There are also other multi-core chips that have many more than two cores, and--as Svish mentioned--Intel's latest multi-core offerings also support Hyper-threading on all the cores.
You can use a CPU identification utility like CPU-Z to determine how many cores you have. As you can see near the bottom of the screenshot, the CPU in this case has 2 physical cores. If the number of threads is higher than the number of cores, Hyper-threading is enabled. To-date all consumer-oriented CPUs with Hyper-threading have 2 threads per core, so if HT is enabled, the number of threads will be 2x the number of cores.
If you have an Intel CPU, you can download Intel's CPU ID utility instead.
Why is there no option inthe BIOS?
I assume the reason why Dell and friends often do not add an option to disable this is because it rarely is a good idea. On average it will make your computer slower (or from a different point of view, it will make competitors computers relative faster).
Having said,that, lets look at some imaginary examples:
What does HT do?
1 core, no hyper-threading
- 1 CPU bound process is running, and can run and maximum speed. Lets call this speed 1, or 100%
- 2 CPU bound processes running. The CPU will have to switch between both. Effective speed on both processes is roughly halved. (The sum of both speeds is still equal to the first example.)
- 3 CPU bound processes running. The CPU will have to switch between all three. Effective speed on both processes is roughly a a third. (The sum of both speeds is still the same ( 3 x 0.33 = 1 ).
2 cores, no hyper-threading
- 1 CPU bound process *0 is running, and can run and maximum speed for that core. (speed 100%) (The other core is idle).
- 2 CPU bound processes running. Both can run at maximum speed for their core. (speed 200%)
- 3 CPU bound processes running. Usually you get 3 tasks running at about 2/3rd efficiency. (The sum of the speeds is still '2'. Roughly 2 because you loose a bit due to extra overhead and cache misses). (speed 200%, or maybe 190%)
Now cores with hyper-threading . These act as two cores, but not two complete cores. What Intel defines as hyper-threading has changed a bit over time, but usually it comes down to this. A CPU fetches data from memory and computes. If it does not need the memory bus then a second part of the CPU can do limited work. Since not all hardware is duplicated you do not get two full cores. However with limited extra hardware (10%?) you gain on average 30% speed. *1
1 core, with
- 1 CPU bound process is running, and can run and maximum speed. (100%)

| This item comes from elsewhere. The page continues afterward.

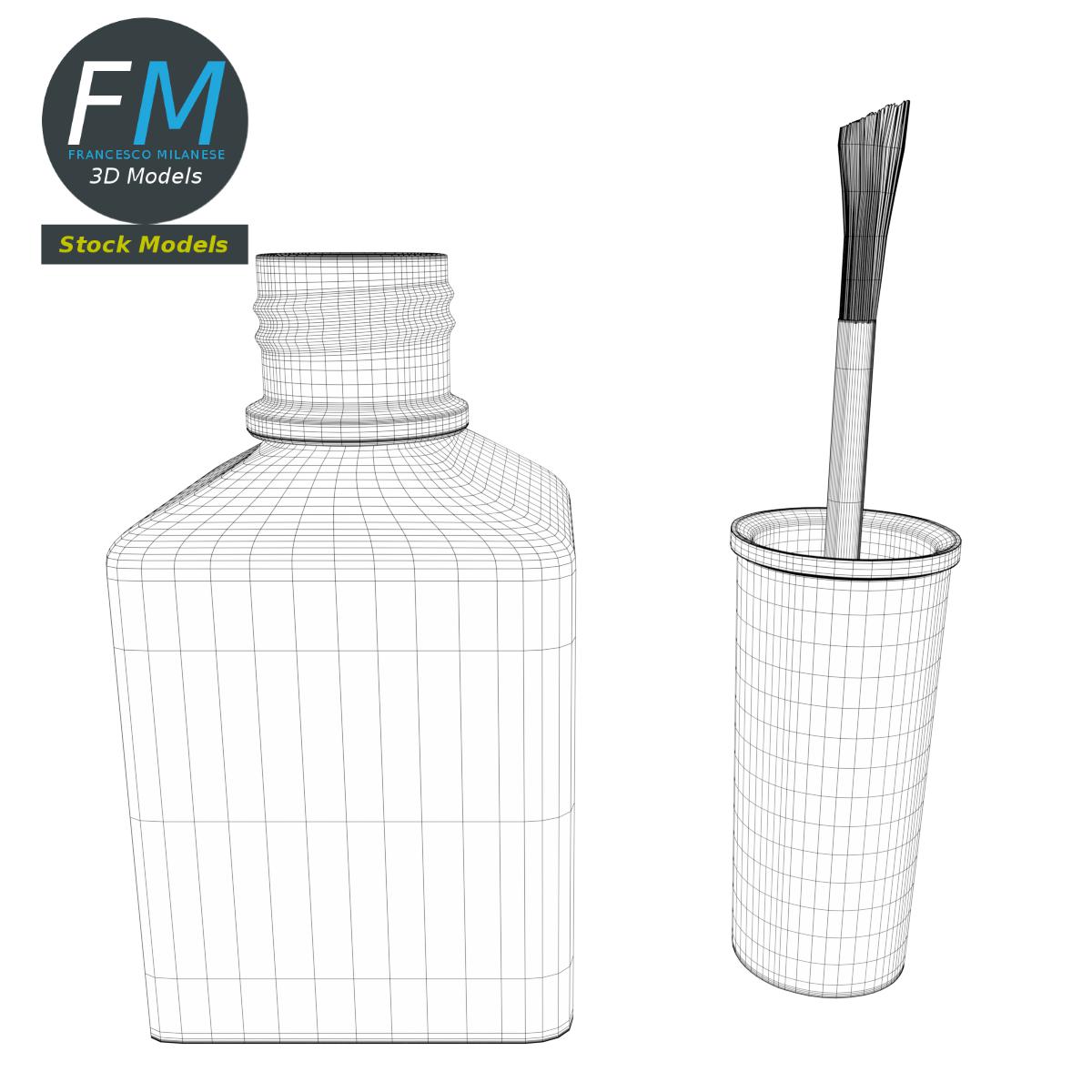 3D-Modell - Geöffneter Nagellack mit Pinsel - 07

- 2 CPU bound processes running. The CPU will have to switch between both. However it has some extra hardware. Net speed will be about 30% faster (say speed 133% for a single core)
Etc.
So much for the introduction to HT.
Are these fictional %'s real?
No. First of all you will loose efficiency due to overhead. (10 tasks on one CPU will not run slower than just one task with no context switches and all of the cache for its data).

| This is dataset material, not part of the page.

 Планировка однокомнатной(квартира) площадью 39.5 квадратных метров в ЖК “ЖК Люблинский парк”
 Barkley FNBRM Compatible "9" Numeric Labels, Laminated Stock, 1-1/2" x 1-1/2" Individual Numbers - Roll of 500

Secondly I totally ignored turbo boost since that would complicate the explanation.
What did my friend possibly mean to say?
Lets look at your 4 core 8 treads CPU like this:
Core 1, CPU 1 (real)
Core 1, CPU 2 (with HT)
Core 2, CPU 3 (real)
Core 2, CPU 4 (with HT)
Core 3, CPU 5 (real)
Core 3, CPU 6 (with HT)
Core 4, CPU 7 (real)
Core 4, CPU 8 (with HT)
If I run two tasks I do not want both of them on CPU1 and CPU2 (since they share an actual core) and the nett result is near half of the possible speed. This might be what your friend meant.

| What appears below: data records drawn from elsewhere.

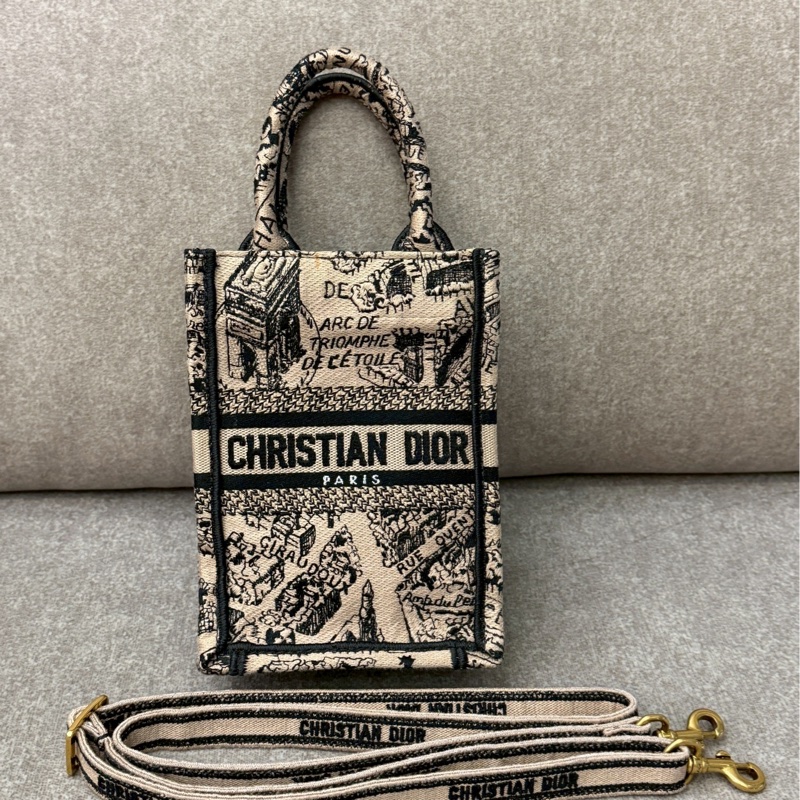 DIOR 地圖刺繡mini tote-0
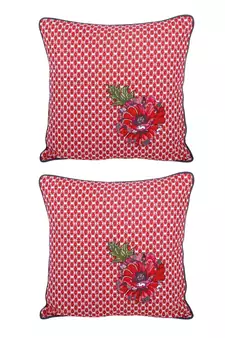 Eyda Corner Boota Pink Color Designer Cushion Cover Set of 2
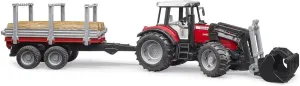bruder 02046 Massey Ferguson 7480 with Frontloader and Timber Trailer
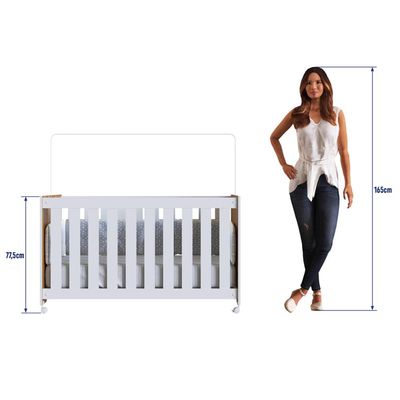 Berço com Rodízios e Colchão Nogal e Branco Completa Móveis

While true I think that you do not need to worry. The windows scheduler is smart enough to allocate processes first to CPUs 1,3,5,7 and only then to 2,4,6,8.
*0 A CPU bound process is a process which is limited by the CPU. If a process is waiting for diskIO and the CPU is idle then you get totally different results.
*1 Please take those numbers with a grain of salt. They are not precise. They will vary per CPU generation and even per CPU model. They will vary per program. And what Intel calls hyper-threading has changed since early CPU generations. However they do give a rough idea.
Best Answer
The scheduling of processes is really up to the kernel. See a, b, c and d. Yes, there's sourcecode in some of those links. But it's not really avoidable when dealing with something this low-level.